• _PROBLEM_
Give the records again word for word. Leave every picture out.

• _SUPPLIED ENTRIES_
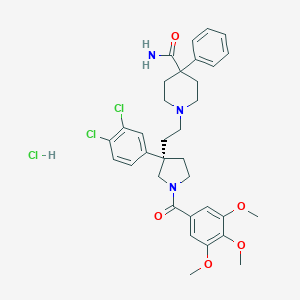 molecular formula C34H40Cl3N3O5 B063818 (R)-1-(2-(3-(3,4-Dichlorophenyl)-1-(3,4,5-trimethoxybenzoyl)pyrrolidin-3-yl)ethyl)-4-phenylpiperidine-4-carboxamide hydrochloride CAS No. 167261-60-1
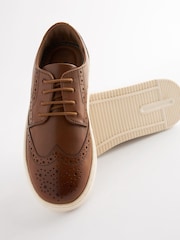 Marrón tostado - Zapatos Oxford de cuero con cordones - Imagen 5 de 5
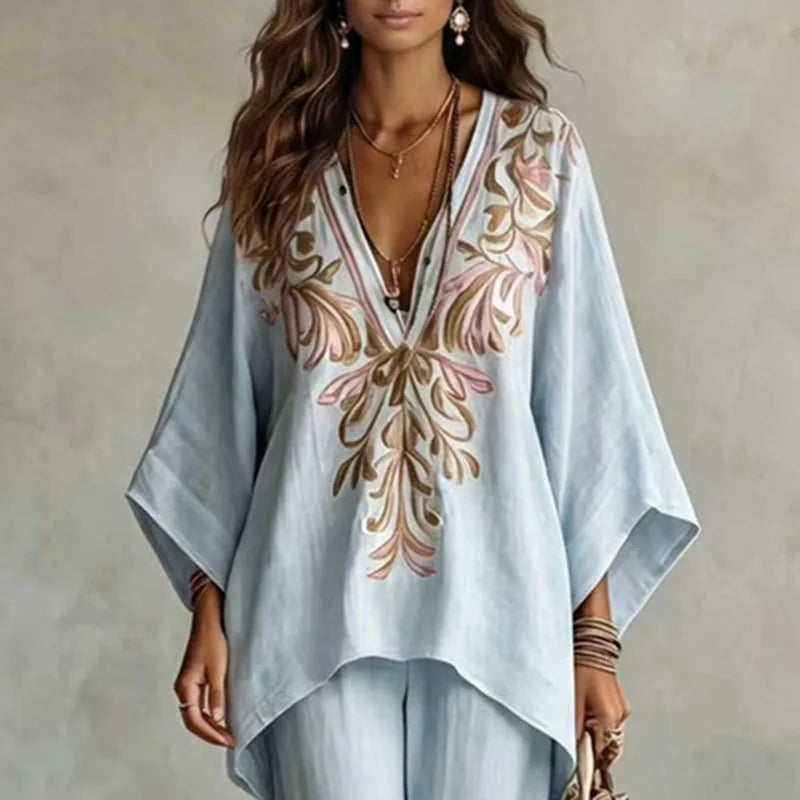 Boho Embroidered Blouse and Wide Leg Pants Set for Women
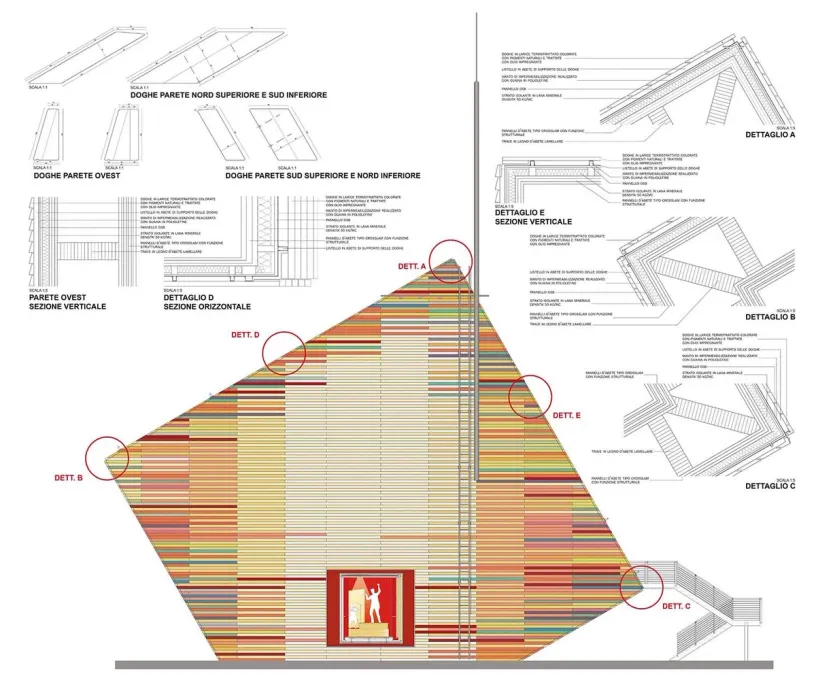 a drawing of a building with a rainbow of colors on it .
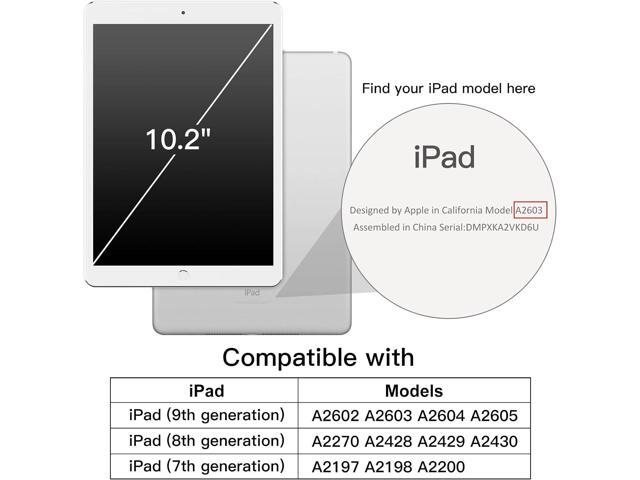 JETech Case for iPad 9/8/7 (10.2-Inch, 2021/2020/2019 Model, 9th/8th/7th Generation), Soft TPU Transparent Slim Shockproof Tablet Cover (Clear)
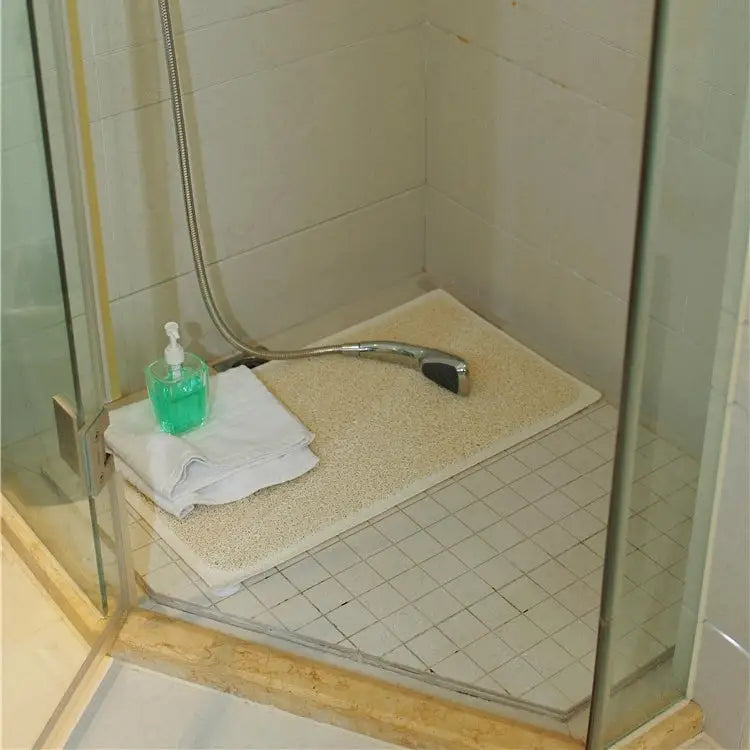 Rectangular Bathroom Bathtub Mildew Stain Resistant PVC Anti-skid Household Foot Pad Carpet Size: 70cm x 40cm (White)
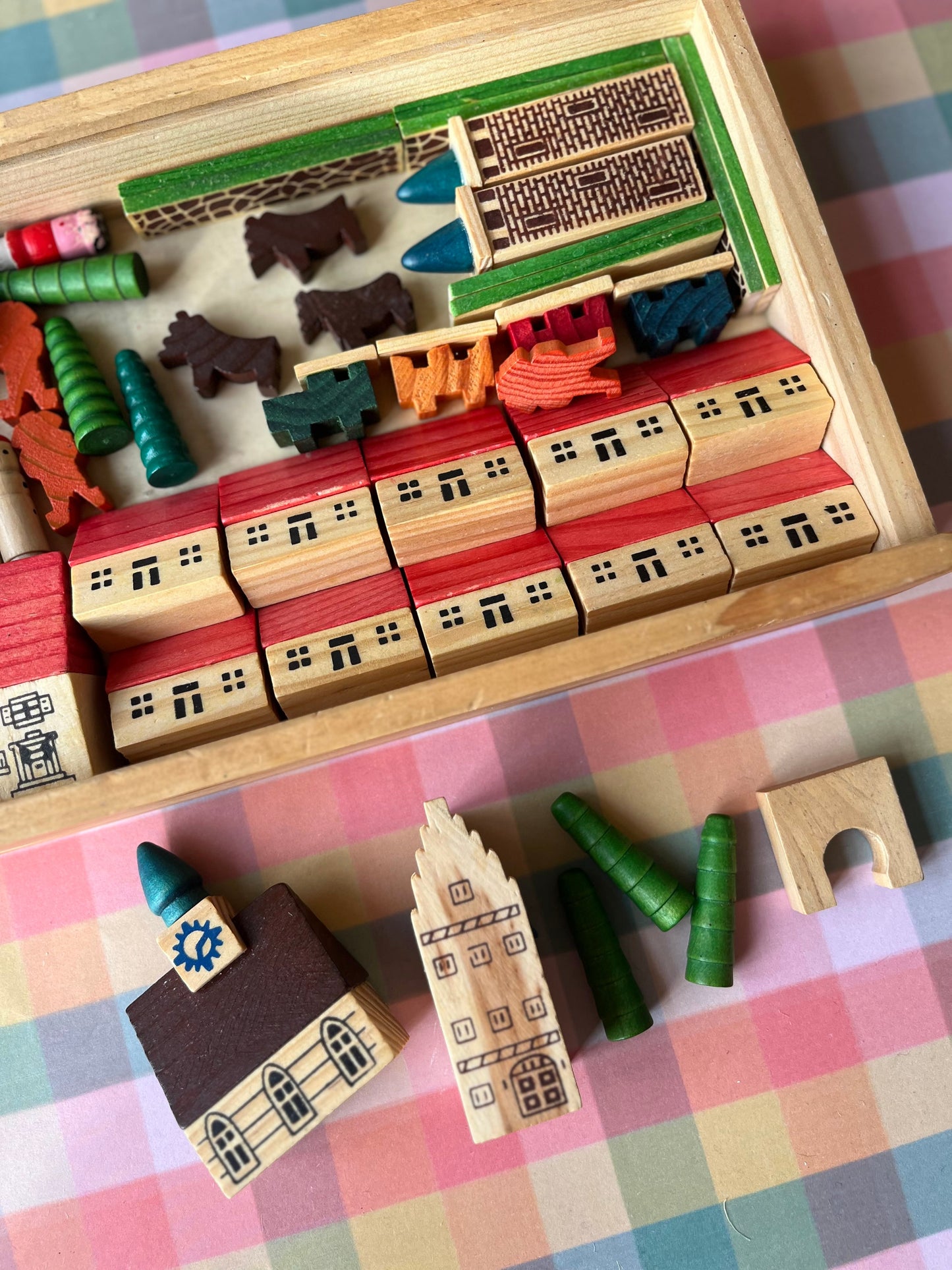 Vintage wooden village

• _THE ANSWER_
 molecular formula C34H40Cl3N3O5 B063818 (R)-1-(2-(3-(3,4-Dichlorophenyl)-1-(3,4,5-trimethoxybenzoyl)pyrrolidin-3-yl)ethyl)-4-phenylpiperidine-4-carboxamide hydrochloride CAS No. 167261-60-1
 Marrón tostado - Zapatos Oxford de cuero con cordones - Imagen 5 de 5
 Boho Embroidered Blouse and Wide Leg Pants Set for Women
 a drawing of a building with a rainbow of colors on it .
 JETech Case for iPad 9/8/7 (10.2-Inch, 2021/2020/2019 Model, 9th/8th/7th Generation), Soft TPU Transparent Slim Shockproof Tablet Cover (Clear)
 Rectangular Bathroom Bathtub Mildew Stain Resistant PVC Anti-skid Household Foot Pad Carpet Size: 70cm x 40cm (White)
 Vintage wooden village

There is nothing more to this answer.